Objective To explore the predictive value of liver fibrosis index in contrast-induced nephropathy(CIN) of diabetics with normal renal function after percutaneous coronary angioplasty and interventional therapy(PCI).
Methods From January 2020 to June 2022, 155 diabetics of coronary heart disease(CHD) with normal renal function were selected as research subjects. There were 109 males(70.3%) and 46 females(29.7%) with an average age of (53.2 ± 6.5)(37-65) years. PCI was performed as needed. The occurrence of CIN within 72h post-PCI was recorded. According to the presence or absence of CIN, they were assigned into two groups of CIN and N-CIN. General profiles and liver fibrosis related parameters of two groups were compared.
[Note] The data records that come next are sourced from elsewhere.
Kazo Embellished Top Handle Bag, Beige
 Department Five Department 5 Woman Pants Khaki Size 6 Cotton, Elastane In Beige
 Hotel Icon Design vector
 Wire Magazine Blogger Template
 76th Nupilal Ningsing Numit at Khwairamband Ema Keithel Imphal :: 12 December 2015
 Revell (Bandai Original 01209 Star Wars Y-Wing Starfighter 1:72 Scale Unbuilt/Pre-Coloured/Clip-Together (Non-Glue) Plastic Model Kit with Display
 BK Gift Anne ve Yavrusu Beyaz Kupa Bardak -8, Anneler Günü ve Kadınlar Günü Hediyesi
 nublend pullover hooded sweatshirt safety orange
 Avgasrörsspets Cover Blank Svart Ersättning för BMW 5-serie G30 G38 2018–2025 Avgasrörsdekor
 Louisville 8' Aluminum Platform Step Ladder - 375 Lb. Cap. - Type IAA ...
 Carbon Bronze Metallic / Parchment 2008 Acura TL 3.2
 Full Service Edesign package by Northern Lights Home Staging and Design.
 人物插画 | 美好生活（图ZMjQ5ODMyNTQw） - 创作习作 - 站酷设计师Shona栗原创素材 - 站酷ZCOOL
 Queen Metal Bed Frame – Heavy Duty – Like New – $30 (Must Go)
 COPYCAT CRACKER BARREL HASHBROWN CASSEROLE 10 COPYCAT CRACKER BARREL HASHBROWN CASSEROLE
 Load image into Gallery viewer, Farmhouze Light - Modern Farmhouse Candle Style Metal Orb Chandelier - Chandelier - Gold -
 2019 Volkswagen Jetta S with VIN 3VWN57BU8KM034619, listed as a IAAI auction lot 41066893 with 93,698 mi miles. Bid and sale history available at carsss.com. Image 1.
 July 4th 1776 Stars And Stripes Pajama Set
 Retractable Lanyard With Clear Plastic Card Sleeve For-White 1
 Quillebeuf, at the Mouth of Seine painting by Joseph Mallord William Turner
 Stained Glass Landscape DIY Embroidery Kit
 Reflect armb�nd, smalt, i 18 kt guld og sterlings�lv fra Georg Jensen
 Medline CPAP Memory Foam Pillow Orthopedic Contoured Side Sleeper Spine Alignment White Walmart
Multivariate logistic regression analysis was employed for evaluating the value of liver fibrosis index in predicting CIN of diabetics post-PCI. Receiver operating characteristic(ROC) curve of liver fibrosis index was plotted in predicting CIN of diabetics post-PCI and decision curve for predicting the net benefit of CIN.
Results Univariate analysis indicated that erythrocyte distribution width(13.3 ± 1.6)% vs (10.1 ± 1.7)%, t = 2.667, P = 0.028, average platelet volume (12.9 ± 2.3) vs (10.2 ± 1.8) fL, t = 2.458, P = 0.034, C-reactive protein(CRP)(7.4 ± 1.4) mg/L vs (5.7 ± 1.2) mg/L, t = 2.896, P = 0.021, type Ⅳ collagen(C-IV)(65.5 ± 7.4) μg/L vs (52.3 ± 6.9) μg/L, t = 6.778, P<0.001, hyaluronic acid(HA)(89.4 ± 7.7) μg/L vs (78.2 ± 7.2) μg/L, t = 4.332, P<0.001 and laminin (LN)(93.3 ± 8.2) μg/L vs (81.2 ± 8.9) μg/L, t = 3.778, P<0.001 were significintly higher in CIN group than those in N-CIN group. After adjusting for confounding factors, multivariable logistic regression analysis revealed that C-Ⅳ(OR = 2.717, 95%CI:1.237-4.347, P = 0.004), HA(OR = 2.695, 95%CI:1.932-4.989,P = 0.008) and LN(OR = 2.588, 95%CI:1.654-4.935, P = 0.011) were independent predictors of diabetics post-PCI(P<0.05). ROC analysis showed that C-Ⅳ, HA and LN had some predictive values for CIN of diabetics post-PCI(P<0.05). The area under the curve(AUC) of C-Ⅳpredicting CIN of diabetics post-PCI was 0.932(0.887-0.966) with an optimal diagnostic cut-off point of 63.3 μg/L, AUC of HA 0.846(0.774-0.889) with an optimal diagnostic cut-off point of 85.4 μg/L and AUC of LN 0.812(0.745-0.857) with an optimal diagnostic cut-off point of 90.2 μg/L. The value of joint prediction of three indicators was the highest with AUC of 0.963(0.921-0.992). The results of decision curve analysis indicated that within the most reasonable range of threshold probability, these three independent predictors had an excellent net benefit in predicting the occurrence of CIN and the net benefit of joint prediction was higher than that of a single indicator.
Conclusion Preoperative levels of C-Ⅳ, HA and LN are independent predictors of CIN in diabetics post-PCI. And the combined prediction efficiency and net benefit of three indicators are higher than that of a single index.